A fascinating insight from the book is that the design of the code, too, can grow naturally from code duplication. For example, let’s say we have a class that encapsulates some algorithm. When another class with similar behavior is required, the book suggests we can accept some code duplication (even extensive copy-paste) to pass the tests. After getting the tests to pass, we refactor. Lets say the difference between the two classes is the fact that they use different algorithms to carry out their work. Apart from that, they are identical. To avoid code duplication, we combine the two classes. Quite naturally, this results in us isolating the algorithms behind an interface. By following the path of least resistance for removing code duplication, we have implemented the strategy pattern. To summarize, this suggests that code duplication helps us drive the high-level design of our code. If true, it is kind of a comforting feeling that refactoring and code duplication naturally leads us to good design.

All and all, “Test-Driven Development by Example” is well-written, easy to read and quite a good book, albeit maybe more suitable for the aspiring test-driven designer than the seasoned on.
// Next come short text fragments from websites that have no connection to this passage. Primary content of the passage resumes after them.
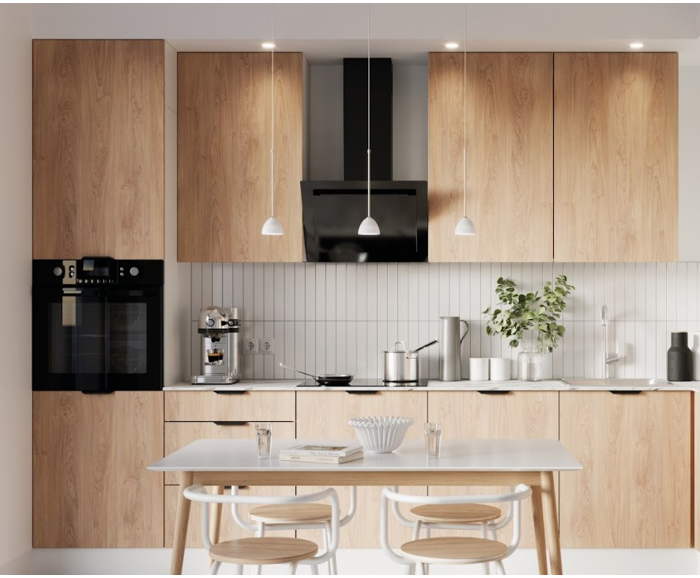 Fotogalerie Rovná kuchyňská linka Sorello 300cm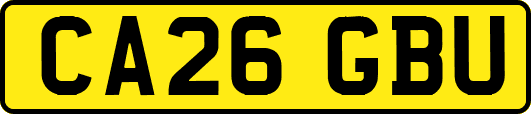 CA26GBU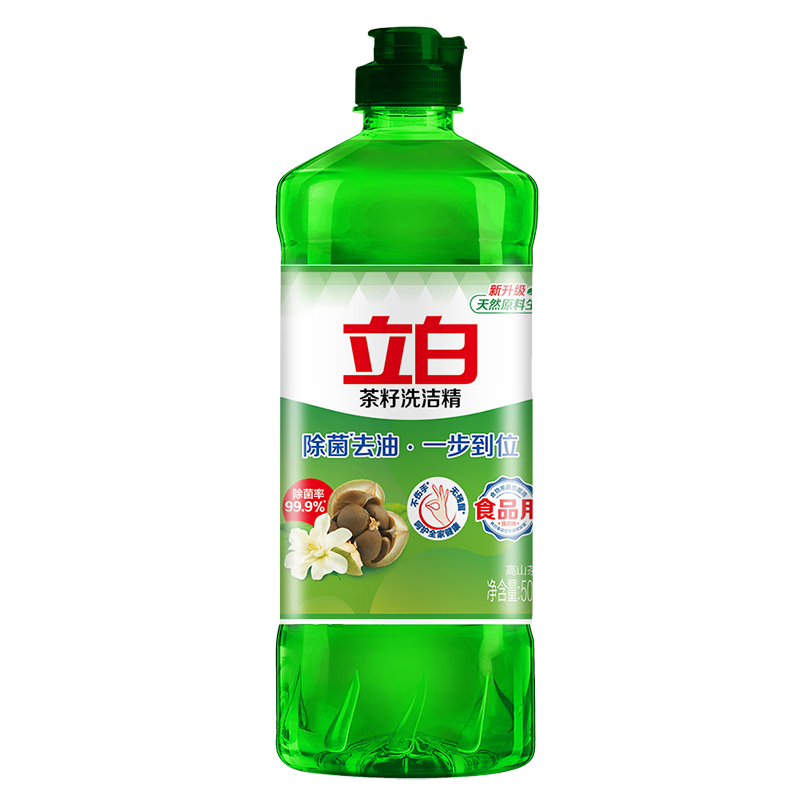 plus會員：立白茶籽洗潔精 500g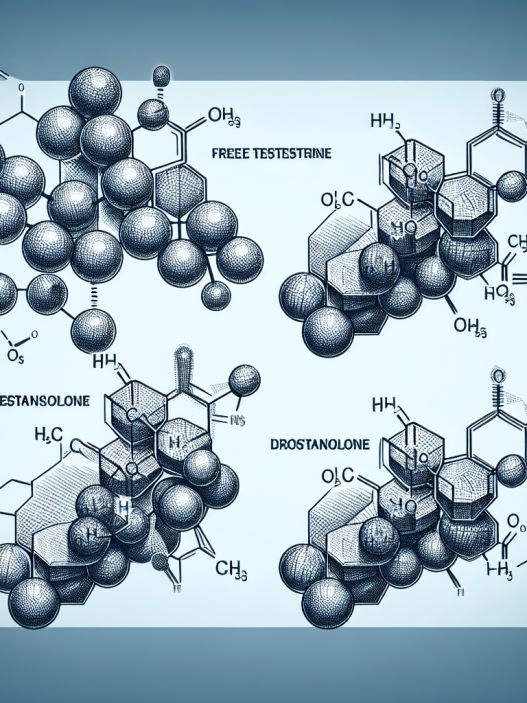 Free testosterone levels and drostanolone pillole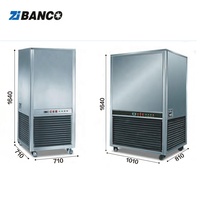 Refroidisseur d'eau de boulangerie 200L pour la cuisine, la boulangerie et la salle de cuisson, mélangeur de pâte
Zero Tolerance: Writing Good Software Is Tough

I want to work with clean and readable code, with decent test coverage. Thus, when I run across some small flaw in the code (e.g. code duplication in some test scripts), it should be fixed. But I admit, sometimes I just convince myself “hm, I’m so close to getting this feature up and running, let’s fix this code after that”. This almost always give me more agony later.

So when I had the opportunity to participate in a new project with no dependencies on legacy code, I thought I would try something new, just for fun. Let’s call it zero tolerance: “when finding flawed code, fix it now. Flawed code could be anything: smelly code , confusing script names, non-descriptive function names, bad file structure, incomprehensible test cases, you name it. Let nothing pass!

Trying it out, my first observation was that it was painful! You have this new, fully functional feature within reach and this crappy code that requires a one-day refactoring appears. It is tough on your mental health to just ignore the easy-to-reach reward and do the really boring stuff. Especially when your threshold to what needs to be fixed is so low (actually, it’s zero). Sometimes it will feel like all you do is fiddle with old code.

Stick or carrot

Stick or carrot?

The upside is that all the punishment will make you learn (stick-style rather than carrot). You know that if you don’t concentrate and do things properly the first time, you will suffer later. And like I said, the suffering will inevitably happen when you are just about to write those last lines to get your system ready for a test spin. I would say it motivates you to produce code of higher quality from the beginning.

When I first started doing the zero tolerance thing, I expected it to get easier over time. The funny thing is, the amount of code that needs to be fixed seems to be constant over time! How is that possible? Maybe I am just sloppy and introduce lots of bad code? (Probably, but the punishment makes me improve! :) Maybe it is just impossible to foresee all the problems that may appear? Maybe. But I also think something else is at play.

Large software projects often grind to a halt. The complexity of the software becomes overwhelming and new features are delivered more and more slowly. Why is that? With increasing amounts of code, there will be increased opportunities for sloppy code. It will pile up. Without proper care, the amount of code that needs to be fixed will grow over time (probably much faster than the code size grows, the broken windows theory doesn’t help either). So maybe being constant over time is really a great outcome.

Like I said, I was hoping that the work load from code fixing would actually decrease over time. Maybe software is just hard (in terms of essential complexity), and there’s not much we can do about it. We will have to do our best not to make things worse by introducing too much accidental complexity. I will keep doing the zero tolerance thing for a while. I’ll report back on my findings if something interesting happens.

If you decide to try the zero tolerance approach, be warned: you should probably do it on a new piece of code. If you choose a piece of code that was written with a normal level of acceptance for design flaws and technical debt, you will probably lose your mind before you get any new functionality in there!